Your goal ▸ Only the lines from the one containing "营口11年保时捷帕拉梅拉1" to the end of the listing below should be returned, exactly as written and without pictures.

Information shown ▸
========================

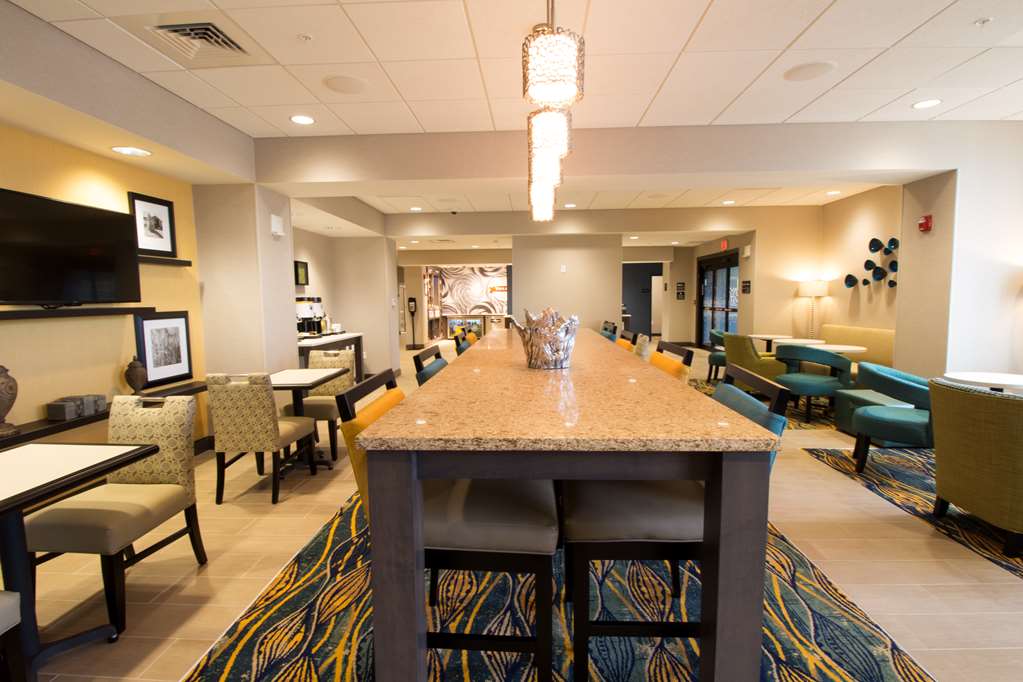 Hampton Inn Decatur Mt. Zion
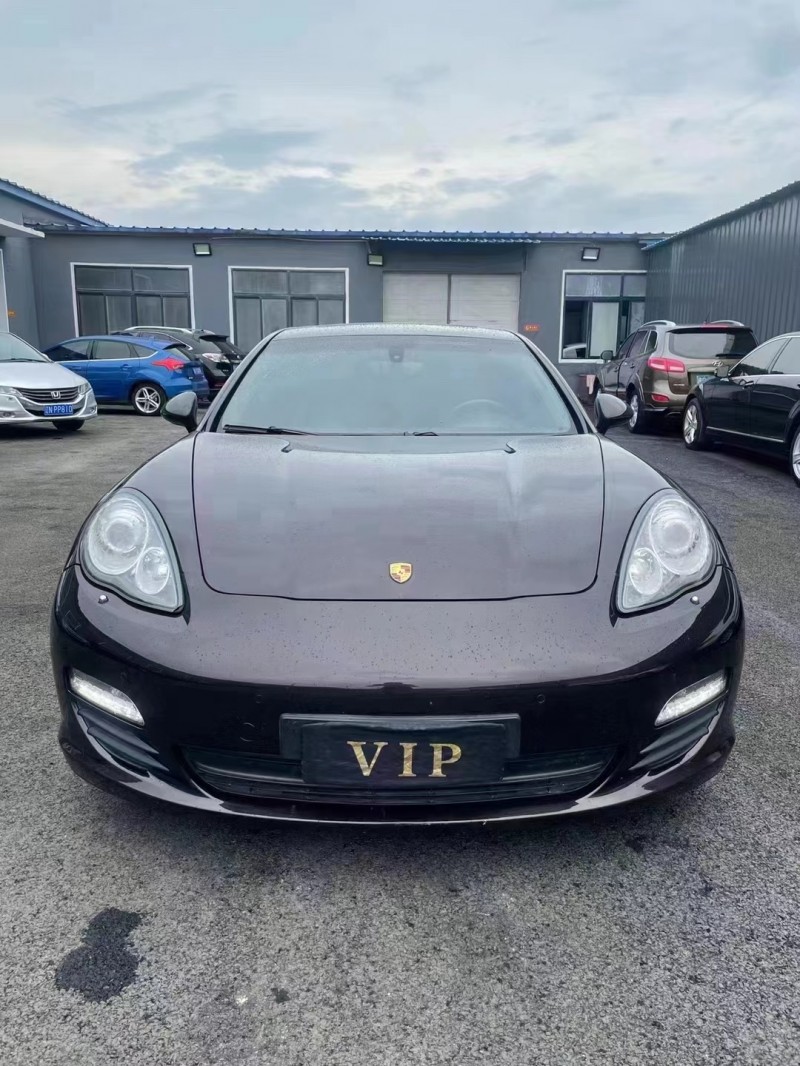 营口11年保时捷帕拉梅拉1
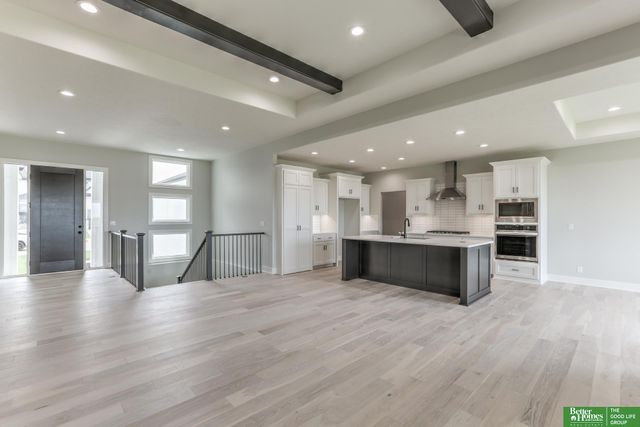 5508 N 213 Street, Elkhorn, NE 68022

========================

Reply to the task ▸
 营口11年保时捷帕拉梅拉1
 5508 N 213 Street, Elkhorn, NE 68022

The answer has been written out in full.